• _PROBLEM DESCRIPTION_: Once you find the line with "E-Flite 1.5m Beechcraft" in the listing below, set down exactly every line from it through the line with "Ssangyong XLV 2018 3D मॉडल", but no pictures.

• _TASK MATERIAL_:
####
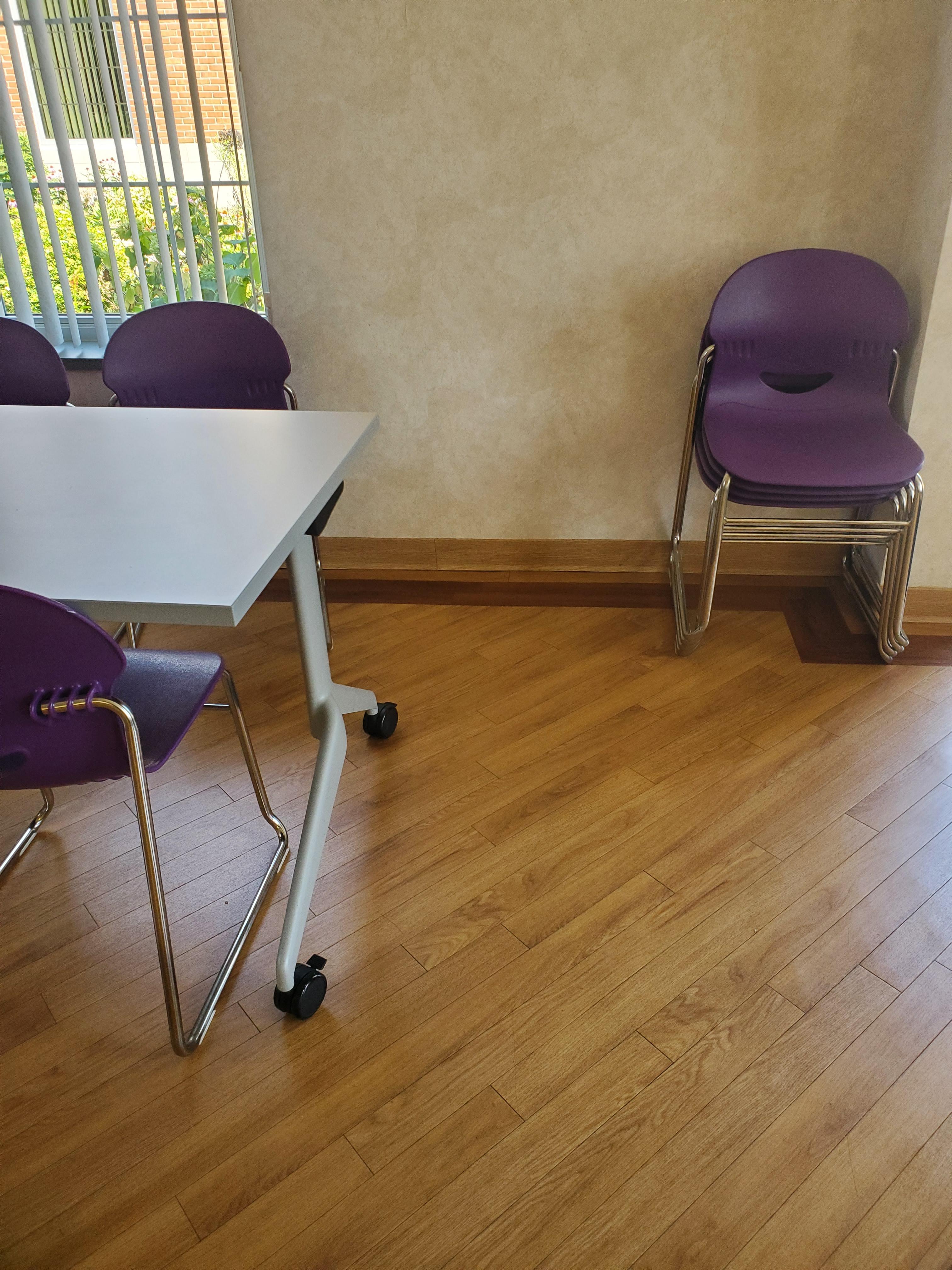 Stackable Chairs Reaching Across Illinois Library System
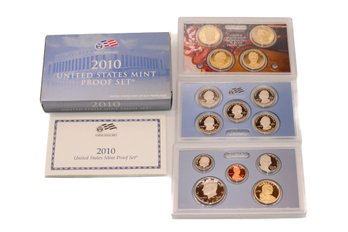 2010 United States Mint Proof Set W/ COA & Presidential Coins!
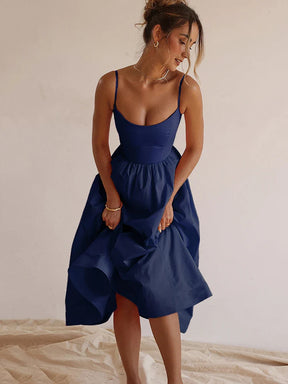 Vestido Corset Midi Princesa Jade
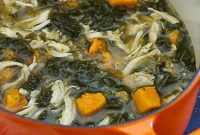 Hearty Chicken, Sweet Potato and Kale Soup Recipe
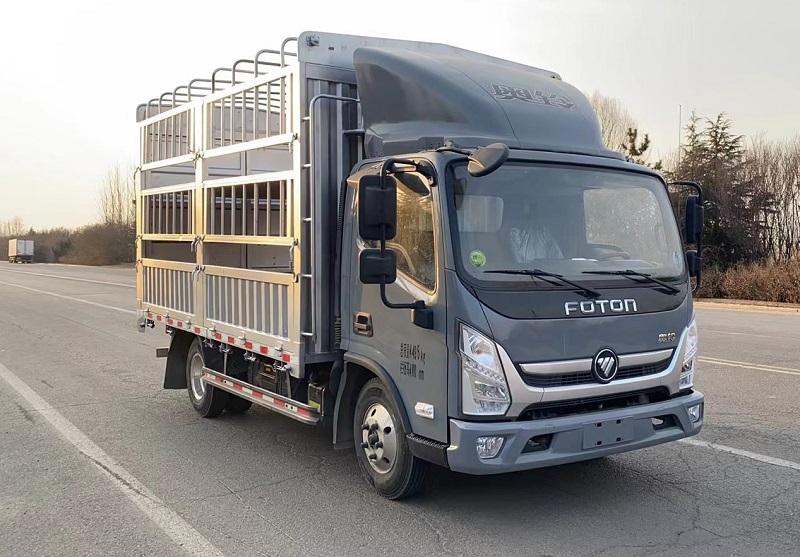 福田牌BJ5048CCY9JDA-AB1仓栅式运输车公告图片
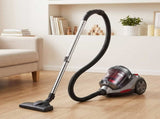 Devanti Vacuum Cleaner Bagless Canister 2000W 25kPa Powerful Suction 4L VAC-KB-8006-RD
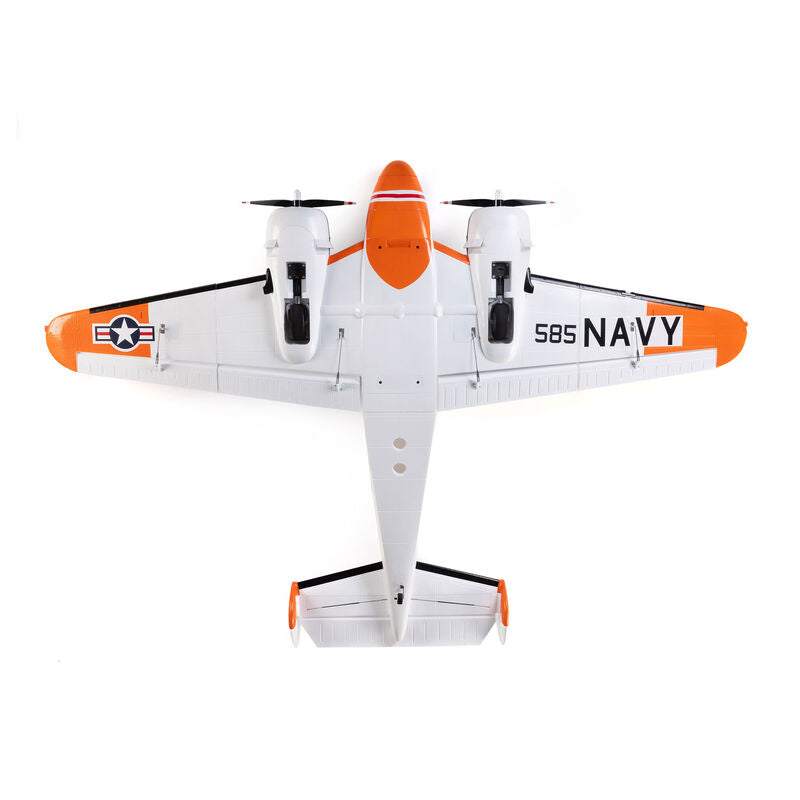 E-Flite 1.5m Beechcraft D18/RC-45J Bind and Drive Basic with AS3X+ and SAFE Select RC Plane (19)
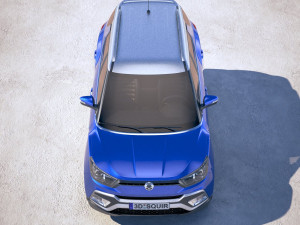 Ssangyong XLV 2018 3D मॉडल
####
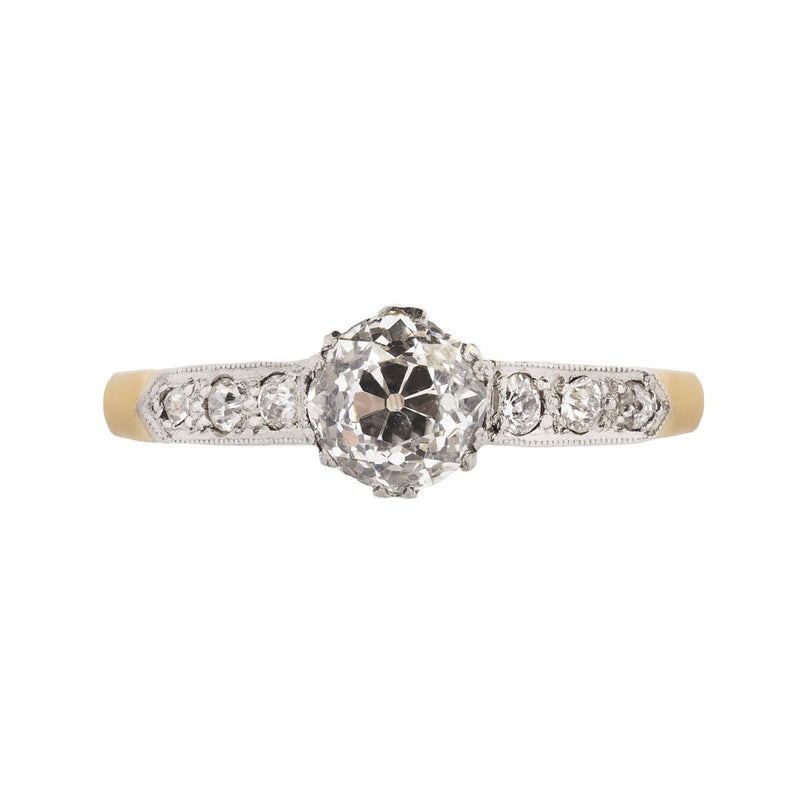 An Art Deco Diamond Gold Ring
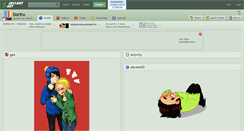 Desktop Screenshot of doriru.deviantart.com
####
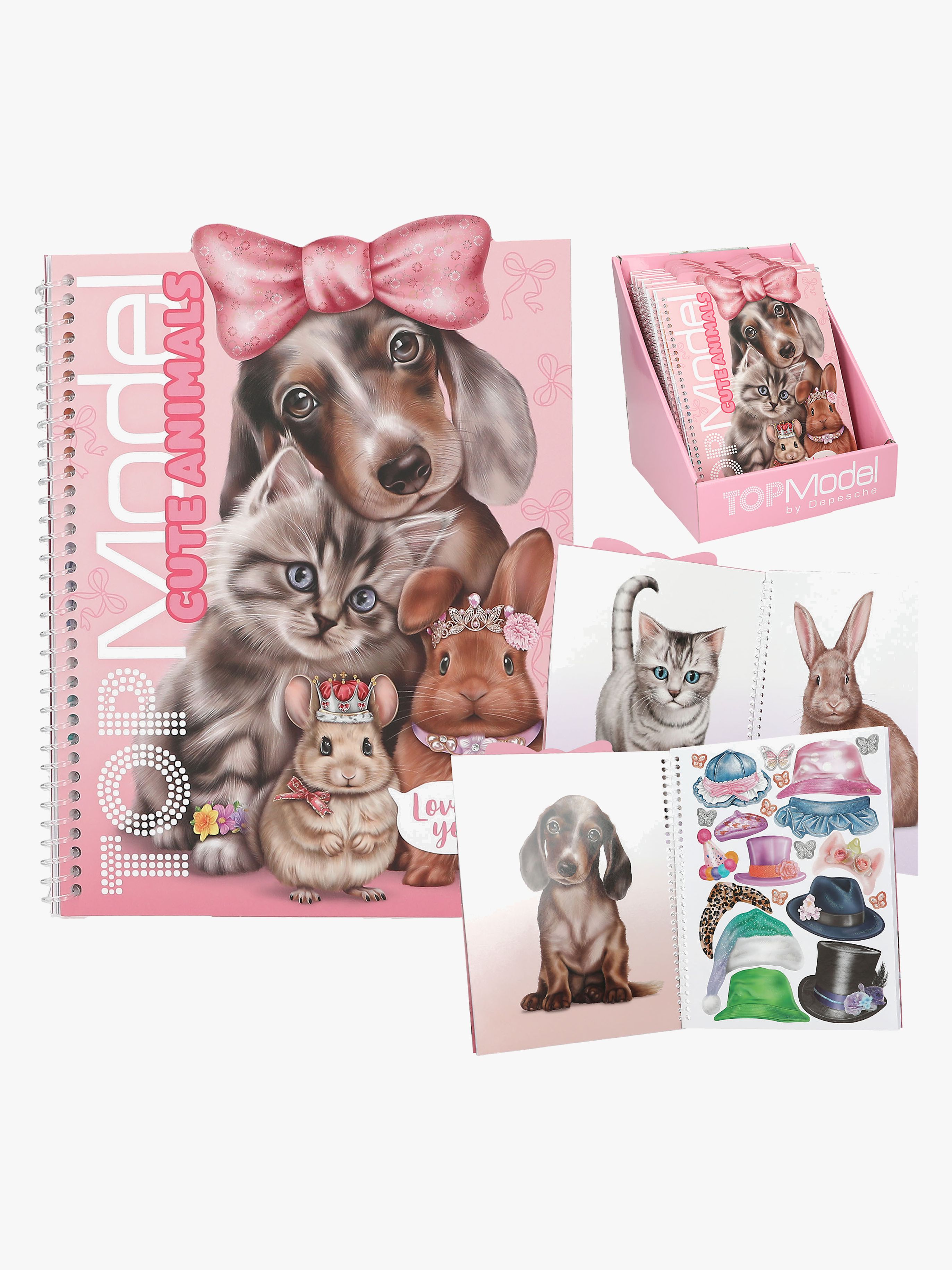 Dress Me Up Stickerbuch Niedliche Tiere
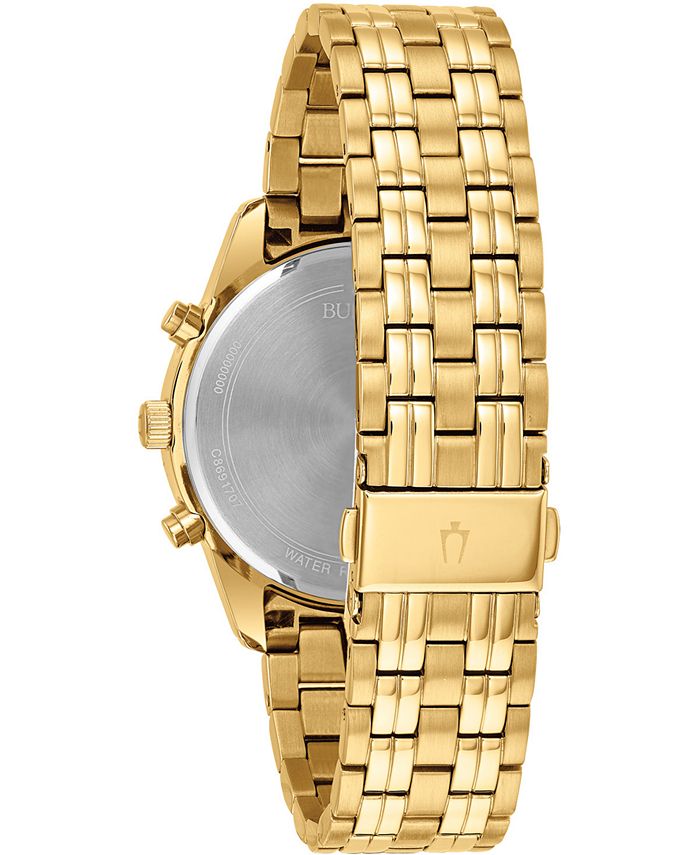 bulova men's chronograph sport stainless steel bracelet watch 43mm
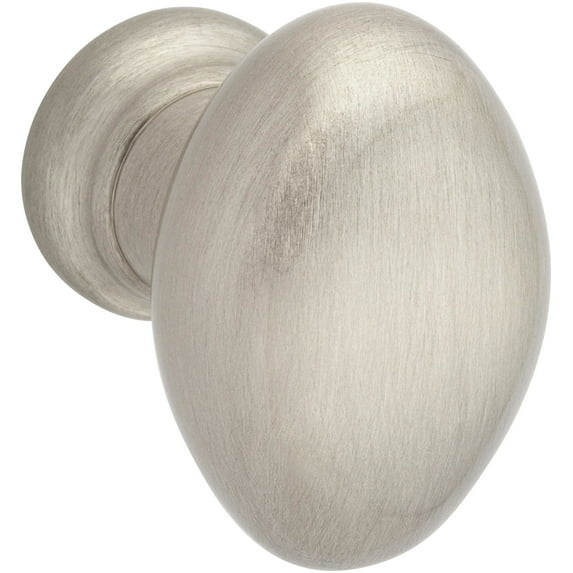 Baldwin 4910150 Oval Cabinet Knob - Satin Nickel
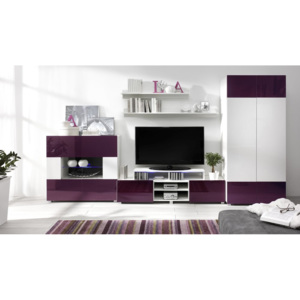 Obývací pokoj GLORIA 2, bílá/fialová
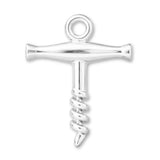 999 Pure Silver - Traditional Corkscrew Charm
####
• _EXERCISE SOLUTION_:
 E-Flite 1.5m Beechcraft D18/RC-45J Bind and Drive Basic with AS3X+ and SAFE Select RC Plane (19)
 Ssangyong XLV 2018 3D मॉडल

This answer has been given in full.